Im "Illemsveen" eröffnet sich ein Einblick in einen der vielfältigsten und wertvollsten Bereiche der Fleuthkuhlen. Unmittelbar an einem Schotterweg sieht man, umgeben von Grauweidengebüschen, ein kleines verlandendes Gewässer, das östlich in einen Erlenbruchwald übergeht. Solche Wälder torfiger, sehr nasser Böden sind durch Entwässerung der Niedermoore sehr selten geworden, nehmen aber in den Fleuthkuhlen noch große Flächen ein. Im Frühjahr fallen hier vor allem Sumpf-Schwertlilien und die charakteristischen Bulte der Steifen Segge ins Auge. Später im Jahr dominiert das zarte Grün des Sumpf-Lappenfarns.
Weiter nördlich des Bruchwaldes erstreckt sich ein großes Kuhlengewässer und weitere ausgedehnte Weidengebüsche, Bruchwäder und gehölzfreie Röhrichte. Große Teile dieses unzugänglichen Biotopkomplexes sind lange Zeit des Jahres überflutet - ideale Refugien für den vom Aussterben bedrohten Moorfrosch oder seltene und scheue Wasservögel wie Krickente oder Zwergtaucher. Auch die Schneide, ein bis zu zwei Meter großes stark gefährdetes Sauergras, hat hier eines ihrer letzten Vorkommen in Nordrhein-Westfalen.
Die Issumer Fleuth
Von der Brücke an der Beerenbrouck-Straße aus hat man einen weiten Blick in die Feuchtwiesen der Aue durch die das Gewässer hier fließt. Im Hochsommer wächst eine üppige Wasservegetation und bei sonnigem Wetter schwirren große Mengen der Gebänderten Prachtlibelle über der Wasseroberfläche und am Ufersaum umher.
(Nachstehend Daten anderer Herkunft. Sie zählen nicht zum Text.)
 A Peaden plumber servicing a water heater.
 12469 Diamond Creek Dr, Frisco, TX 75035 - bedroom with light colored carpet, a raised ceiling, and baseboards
An der Brücke bei Haus Finkenhorst hat die Issumer Fleuth einen anderen Charakter. Dank der Beschattung durch den begleitenden Wald wird die Wasservegetation hier in natürlichen Grenzen gehalten und muss kaum gemäht werden. Davon profitieren zahlreiche Kleinfische, die dem Eisvogel als Nahrung dienen. Mit etwas Geduld kann man diesen "fliegenden Edelstein" bei seiner akrobatischen Jagd beobachten.
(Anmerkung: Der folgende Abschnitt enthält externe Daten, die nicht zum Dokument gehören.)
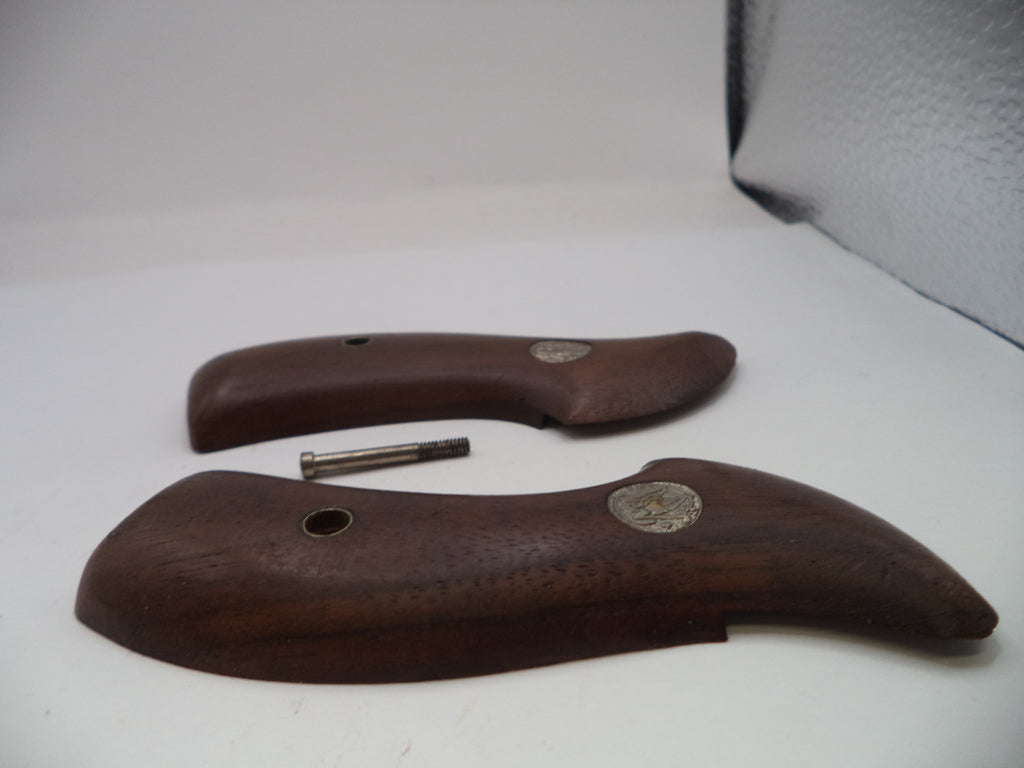 Two brown wooden handles with metal pins on a white surface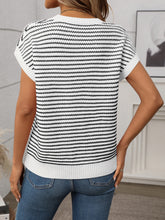 Back view of white striped knit top showing smooth fit and clean stripe alignment, worn with black trousers.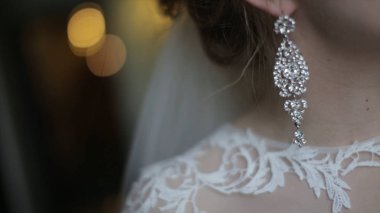 Güzel gelin küpe üzerinde koyar. Güzellik modeli kız takı evlilik için giyiyor. Düğün kadın portre. Kadın kıvırcık saç ve dantel örtü ile. Takı ve güzellik kavramı - giyen yakın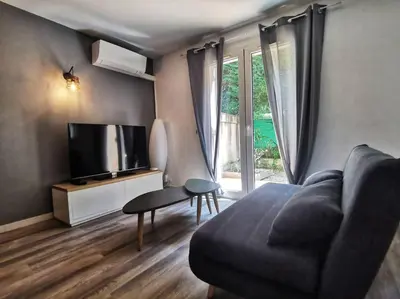 a living room with a couch and a flat screen tv at Les quatre loges - joli t2 jardinet et parking *3 in Aix-en-Provence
Das NABU-Naturschutzzentrum Gelderland und die NRW-Stiftung
Mit einem umfangreichen Flächenkauf der NRW-Stiftung Naturschutz, Heimat- und Kulturpflege fiel 1991 das Startsignal zum "Projekt Fleuthkuhlen", das zwei Jahre später den Anlass zur Gründung des NZ Gelderland gab. Seitdem beobachtet der NABU hier regelmäßig den ökologischen Zustand des Gebietes, koordiniert Maßnahmen zur Optimierung, arbeitet eng mit den Pächtern und Verbänden vor Ort zusammen und verwaltet treuhänderisch die Flächen der NRW-Stiftung. Heute befinden sich ca. 145 ha Gewässer, Sumpf, Wald und Weideland im Eigentum der Nordrhein-Westfalen-Stiftung, das entspricht etwa 1/4 des gesamten Schutzgebietes. Seit 1998 betreut das Naturschutzzentrum im Auftrag des Landes NRW und des Kreises Kleve als "Biologische Station" das gesamte Schutzgebiet. Dazu wird das ehrenamtliche Team des Naturschutzzentrums durch eine hauptamtliche Biologin unterstützt.
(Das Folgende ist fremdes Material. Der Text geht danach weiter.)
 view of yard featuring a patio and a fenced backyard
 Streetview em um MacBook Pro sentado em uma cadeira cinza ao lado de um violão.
Mit dem Fahrrad rund um die Fleuthkuhlen
Das Naturschutzzentrum Gelderland, das die Fleuthkuhlen vor Ort betreut, hat eine Broschüre dazu erarbeitet. Darin sind die Lebensräume mit ihrer Tier- und Pflanzenwelt beschrieben und die Entstehungsgeschichte der Landschaft wird erklärt. Eine Wegekarte in der Mitte des Heftes lädt ein, das Gebiet mit dem Fahrrad selbst zu erkunden: Sie zeigt Stellen, an denen Besucher die Besonderheiten der Fleuthkuhlen beobachten können, ohne die empfindlichen Biotope zu stören. Zu jeder Stelle ist im zweiten Teil des Heftes zu erfahren, was den Ort auszeichnet und welche Tier- und Pflanzenarten dort mit etwas Glück zu entdecken sind. Dass dieses 24-seitige Heft so professionell gestaltet und hochwertig gedruckt werden konnte, ist der finanziellen Unterstützung der Nordrhein-Westfalen-Stiftung Naturschutz, Heimat- und Kulturpflege zu verdanken.